Personal information
- Date of birth: September 1, 1975 (age 50)
- Place of birth: United States
- Height: 5 ft 9 in (1.75 m)
- Position: Midfielder

Youth career
- 1994: Bellevue Community College
- 1996: Spokane Falls Community College
- 1997–1998: Fresno State Bulldogs

Senior career*
- Years: Team / Apps / (Gls)
- 1996–1999: Spokane Shadow
- 2000: Seattle Sounders Select
- 2000–2005: Seattle Sounders / 83 / (1)

Managerial career
- 2006–2009: UNLV Rebels (assistant)
- 2010: West Virginia Mountaineers (assistant)
- 2014–2016: Spokane Shadow

= Chad Brown (soccer) =

American soccer player (born 1975

Chad Brown is an American retired soccer midfielder who played six seasons with the Seattle Sounders in the USL First Division. He was the head coach of NPSL team Spokane Shadow.

==Player==
In 1994, Brown played collegiate soccer at Bellevue Community College. In 1996, he played for Spokane Community College.

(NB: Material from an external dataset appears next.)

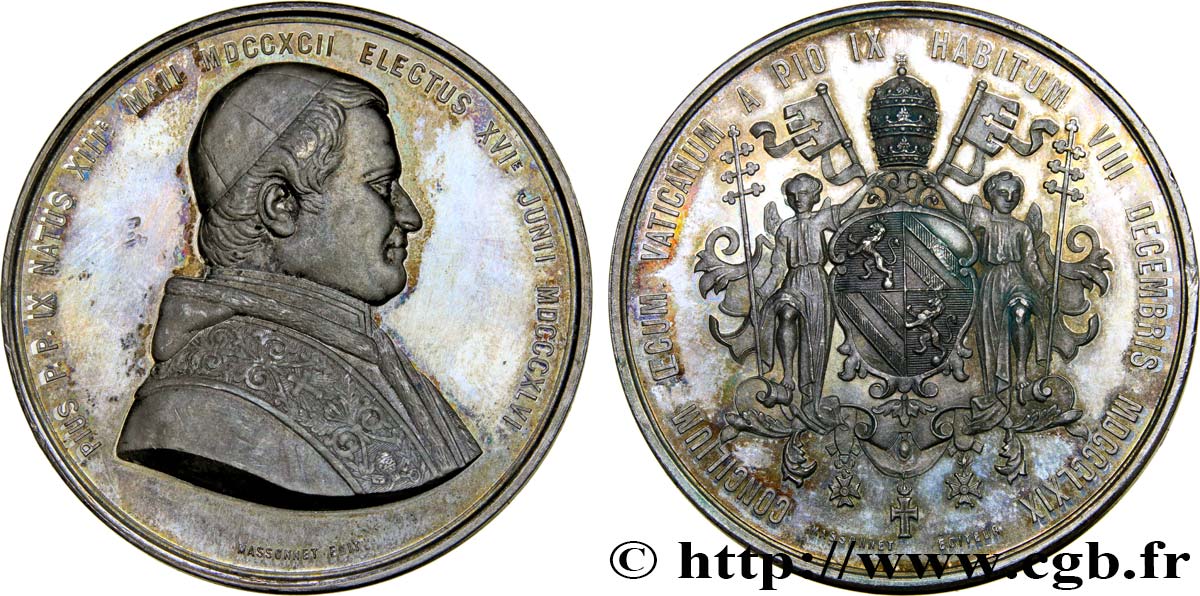 ITALY - PAPAL STATES - PIUS IX (Giovanni Maria Mastai Ferretti) Médaille, concile oecuménique AU/AU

In 1996, Brown spent the summer with the Spokane Shadow. In 1997, Brown transferred to Fresno State where he spent his last two seasons of collegiate eligibility. In 1999, Brown served as an assistant coach with Fresno State and played for the Spokane Shadow as he finished his degree in sociology. In 2000, Brown began the season with the Seattle Sounders Select before being called up to the Seattle Sounders first team in July. He remained with the Sounders through the 2005 season. That season, the Sounders won the USL First Division championship.

==Coach==
In 1999, Brown served as a volunteer assistant coach with Fresno State while finishing his degree. When he retired from playing, he spent several years with the Crossfire Soccer Club in Redmond, Washington. In March 2006, the University of Nevada-Las Vegas hired Brown as an assistant coach. In March 2010, Brown became an assistant coach at the West Virginia University. In 2014, Brown was named head coach of Spokane Shadow.